Early Disease Activity or Clinical Response as Predictors of Long-Term Outcomes With Certolizumab Pegol in Axial Spondyloarthritis or Psoriatic Arthritis

D van der Heijde, A Deodhar, R Fleischmann, P J Mease, M Rudwaleit, T Nurminen, O Davies, D van der Heijde, A Deodhar, R Fleischmann, P J Mease, M Rudwaleit, T Nurminen, O Davies

Abstract

Objective: Early identification of patients unlikely to achieve good long-term disease control with anti-tumor necrosis factor therapy in axial spondyloarthritis (SpA) and psoriatic arthritis (PsA) is important for physicians following treat-to-target recommendations. Here we assess associations between disease activity or clinical response during the first 12 weeks of treatment and attainment of treatment targets at week 48 in axial SpA and PsA patients receiving certolizumab pegol.
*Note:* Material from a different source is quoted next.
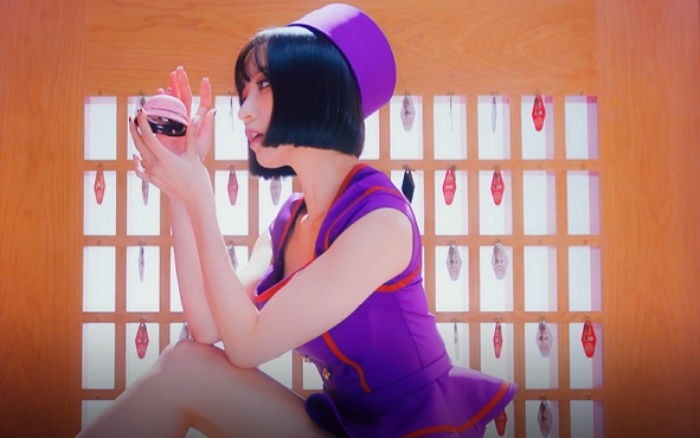 Đạo diễn thừa nhận MV EXID gợi dục ảnh 2 Dao dien thua nhan MV EXID goi duc anh 2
Methods: The relationship between disease activity or clinical response during the first 12 weeks of treatment and achievement of week-48 targets (for axial SpA: inactive disease based on Ankylosing Spondylitis Disease Activity Score [ASDAS] using the C-reactive protein [CRP] level, or Bath Ankylosing Spondylitis Disease Activity Index <2 with normal CRP level; and for PsA: minimal disease activity) was assessed post hoc using RAPID-axSpA and RAPID-PsA trial data.

Results: A clear relationship between disease activity from week 2 to 12 and achievement of week-48 treatment targets was observed in both axial SpA and PsA populations. In axial SpA, week-48 ASDAS inactive disease was achieved by 0% of patients (0 of 21) with ASDAS very high disease activity at week 12, compared to 68% of patients (34 of 50) with week-12 ASDAS inactive disease. For PsA, week-48 minimal disease activity was achieved by 0% of patients (0 of 26) with Disease Activity Score in 28 joints (DAS28) using the CRP level >5.1 at week 12, compared to 73% of patients (57 of 78) with DAS28-CRP <2.6. Similar results were observed regardless of the disease activity measure used. Clinical response at week 12 also predicted week-48 outcomes, though to a lesser extent than disease activity.

Conclusion: Using disease activity and the clinical response state during the first 12 weeks of certolizumab pegol treatment, it was possible to identify a subset of axial SpA and PsA patients unlikely to achieve long-term treatment goals.

Trial registration: ClinicalTrials.gov NCT01087762 NCT01087788.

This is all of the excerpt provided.